How We Process 1,000 Tests/Day on a Single Server (Architecture Post)

The free tier of Inbox Check runs on a single dedicated server. Not a cluster, not an autoscaling group, not Kubernetes. One box. It handles roughly 1,000 inbox placement tests a day, returns results in under two minutes, and costs us less than a Netflix subscription in compute. This is the architecture that makes that possible.

The constraints

Every architecture decision is downstream of three hard constraints we set at the start:

Free tier must stay free. If we cannot serve a reasonable volume on a single server we cannot keep the free tier. That forces efficiency in every layer.
Sub-two-minute latency. A test starts when a user clicks Run. Results need to be useful before the user gets bored. Two minutes is the upper bound; one minute is the target.
Twenty-plus provider coverage. Every test seeds every provider in the pool. We do not sample. A test either reports all providers or it reports none.

High-level shape


           user (browser)
                 |
                 | POST /api/test  (SMTP creds or one-click send address)
                 v
  +---------------------------------------------+
  |  Next.js API  (app router, node runtime)    |
  +---------------------------------------------+
                 |
                 | enqueue job
                 v
  +---------------------------------------------+
  |  BullMQ (Redis)                             |
  |   test-queue   --> worker(s)                |
  |   seed-poll    --> worker(s)                |
  |   screenshot   --> worker(s)                |
  +---------------------------------------------+
         |                |              |
         |                |              |
         v                v              v
  +--------------+ +--------------+ +--------------+
  | seed pollers | |  browser      | |   SMTP tx   |
  | (IMAP/API)   | |  queue        | |   (to seeds)|
  |              | | (Puppeteer)   | |             |
  +--------------+ +--------------+ +--------------+
         |                |              |
         +--------+-------+--------------+
                  |
                  v
          +------------------+
          |   Postgres       |
          |   (state, logs,  |
          |    results)      |
          +------------------+
                  |
                  | server-sent events
                  v
           user (browser)
           live result stream

The browser queue: Puppeteer with a bounded pool

The heaviest part of a placement test is reading seed mailboxes on providers that do not expose a usable API (Mail.ru, Yandex, some French providers, ProtonMail). For those we keep a logged-in Puppeteer session and navigate the web UI.
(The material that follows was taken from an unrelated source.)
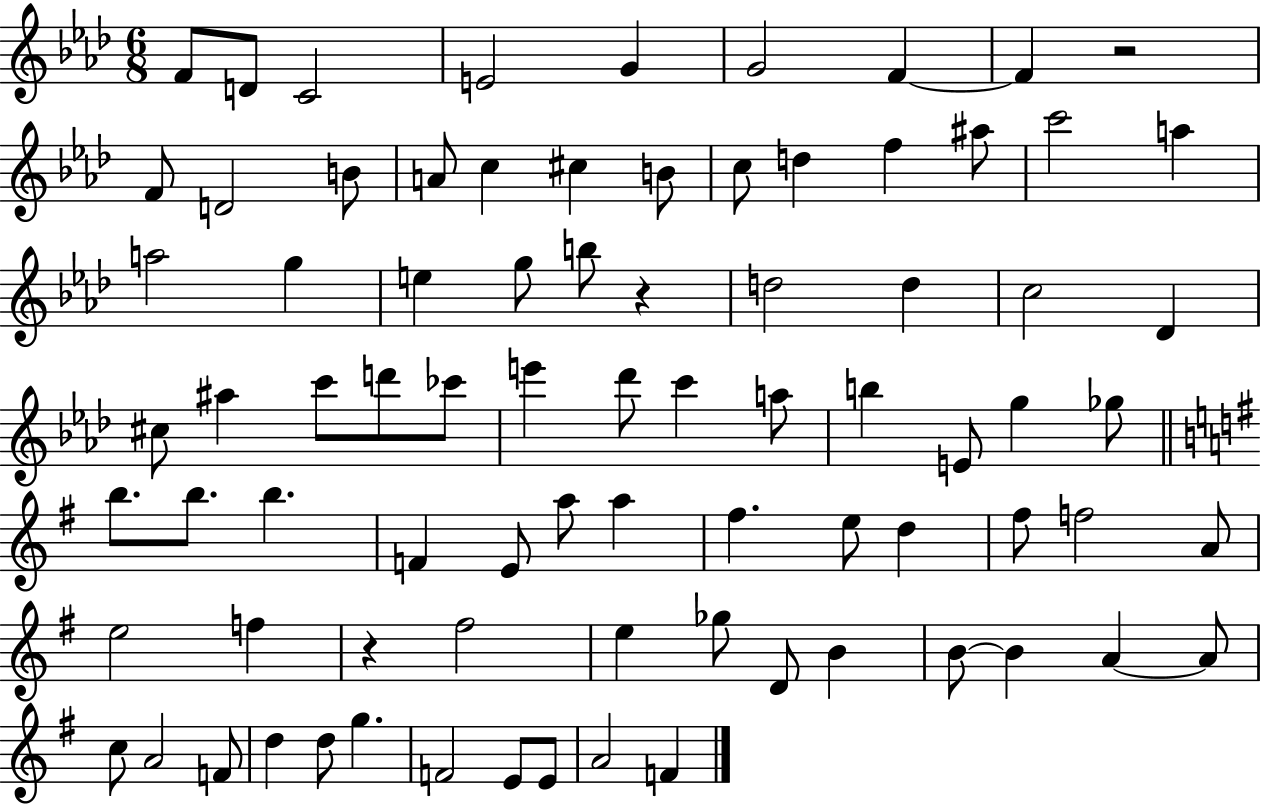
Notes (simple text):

F4/e D4/e C4/h E4/h G4/q G4/h F4/q F4/q R/h F4/e D4/h B4/e A4/e C5/q C#5/q B4/e C5/e D5/q F5/q A#5/e C6/h A5/q A5/h G5/q E5/q G5/e B5/e R/q D5/h D5/q C5/h Db4/q C#5/e A#5/q C6/e D6/e CES6/e E6/q Db6/e C6/q A5/e B5/q E4/e G5/q Gb5/e B5/e. B5/e. B5/q. F4/q E4/e A5/e A5/q F#5/q. E5/e D5/q F#5/e F5/h A4/e E5/h F5/q R/q F#5/h E5/q Gb5/e D4/e B4/q B4/e B4/q A4/q A4/e C5/e A4/h F4/e D5/q D5/e G5/q. F4/h E4/e E4/e A4/h F4/q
Puppeteer is memory-heavy. A naive implementation leaks Chrome processes and OOMs the server within hours. We solved this with a bounded browser queue:

At most N (currently 6) concurrent Chrome instances across the server. A seventh request waits in a FIFO queue.
Each Chrome instance is recycled every 50 jobs or 30 minutes, whichever comes first. No long-lived sessions.
Session cookies for each seed are persisted to disk and restored on Chrome start, so we do not log in every recycle.
A watchdog kills any Chrome that exceeds 800MB RSS or 60s on a single navigation. The job is retried on a fresh browser.

Bounded pool plus aggressive recycling is the whole trick. The server stays stable for weeks between planned restarts.

Seed-mailbox pollers

Providers that offer a usable API (Gmail, Google Workspace, Microsoft 365, Outlook, Zoho, FastMail) get a much lighter path. Each of those seeds has a poller that watches for new mail and reports folder placement to the main job.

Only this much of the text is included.